Michaelmas Term 2023

Main course repo

Moodle page

Instructors

Office hour slots to be booked via LSE’s StudentHub

Assignments

  Type Due date
1 Formative problem set 12 October 2023, 4pm
2 Summative problem set 2 November 2023, 4pm
3 Summative problem set 7 December 2023, 4pm
4 Take home assessment 10 January 2024, 4pm
Week Topic Lecturer
1 Introduction Thomas Robinson
2 Tabular data Thomas Robinson
3 Data visualisation Thomas Robinson
4 Textual data Thomas Robinson
5 HTML, CSS, and scraping static pages Dan de Kadt
6 Reading week  
7 XML, RSS, and scraping non-static pages Dan de Kadt
8 Working with APIs Dan de Kadt
9 Creating and managing databases Dan de Kadt
10 Interacting with online databases Dan de Kadt
11 Cloud computing Thomas Robinson

Detailed course schedule

Please note, links to slides and code scripts will be updated/added in advance of each week’s teaching.

1. Introduction

In the first week, we will introduce some basic concepts of how data is recorded and stored, and we will also review R fundamentals.
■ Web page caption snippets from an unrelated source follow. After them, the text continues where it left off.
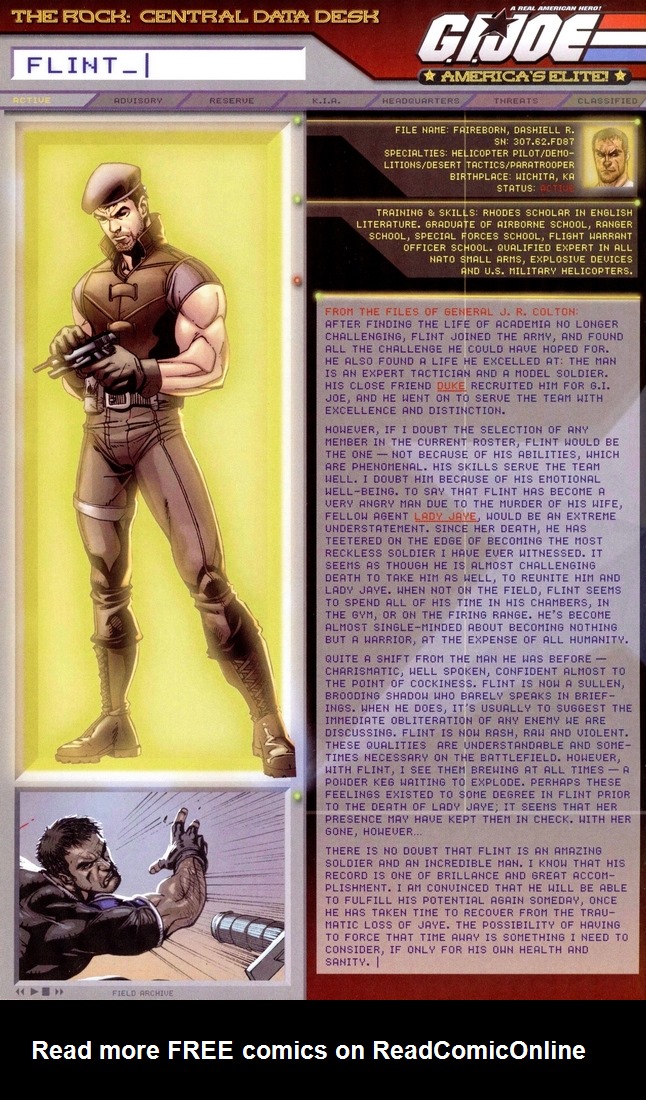 Read online G.I. Joe: Data Desk Handbook comic -  Issue #1 - 6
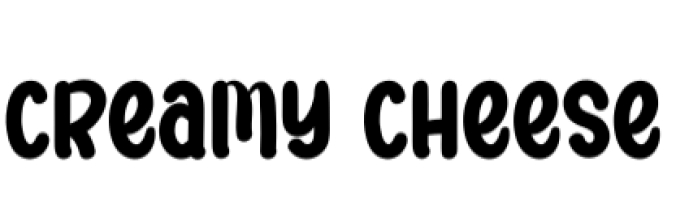Creamy Cheese Font Preview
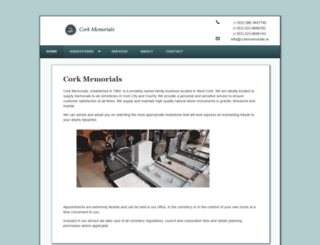 corkmemorials.ie screenshot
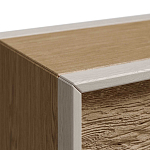 Комод 8 ящиков с подсветкой на рельефном фасаде Warm Industrial варинант исполнения - 3 | Loft Concept в Екатеринбурге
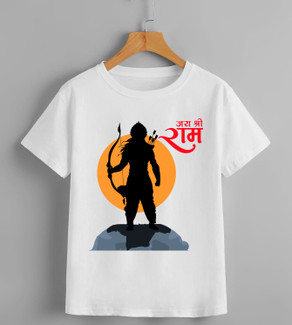 R K SALES Boys Girls Printed Polyester Regular T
Because the course relies fundamentally on GitHub, a collaborative code and data sharing platform, we will also discuss the use of git and GitHub.

Lecture
Seminar
Guide on GitHub, collaboration and pull requests

YouTube video by Tom and Dan

Readings
Additional readings

2. Tabular data

This week discusses processing tabular data in R with functions from the tidyverse after some further review of R fundamentals.

Lecture
Seminar
Reading

Assignment 1

This is a formative assignment, and is due 12 October 2023 by 4pm. You must submit your response as a knitted .html file via the Moodle page.

Assignment 1 problem set

Template RMarkdown repository

3. Data visualisation

The lecture this week will offer an overview of the principles of exploratory data analysis through (good) data visualization. In the coding session and seminars, we will practice producing our own graphs using ggplot2.

Lecture
Seminar
Reading
Further reading

4. Textual data

We will learn how to work with unstructured data in the form of text and discuss character encoding, search and replace with regular expressions, and elementary quantitative textual analysis.

Lecture
Seminar
Reading
Further reading

5. HTML, CSS, and scraping static pages

This week we cover the basics of web scraping for tables and unstructured data from static pages. We will also discuss the client-server model.

Lecture
Seminar
Reading
Further reading

Assignment 2

This is a summative assignment, and is due 2 November 2023 by 4pm. You must submit your response as a knitted .html file via the Moodle page.

Assignment 2 problem set

6. Reading week

7. XML, RSS, and scraping non-static pages

Continuing from the material covered in Week 5, we will learn the advanced topics in scraping the web. The topics include the scraping documents in XML (such as RSS), and scraping websites with non-static components with Selenium.

Lecture
Seminar
Reading
Further reading

8. Working with APIs

This week discusses how to work with Application Programming Interfaces (APIs) that offer developers and researchers access to data in a structured format.

Lecture
Seminar
Reading
Further reading

Assignment 3

This is a summative assignment, and is due 7 December 2023 by 4pm. You must submit your response as a knitted .html file via the Moodle page.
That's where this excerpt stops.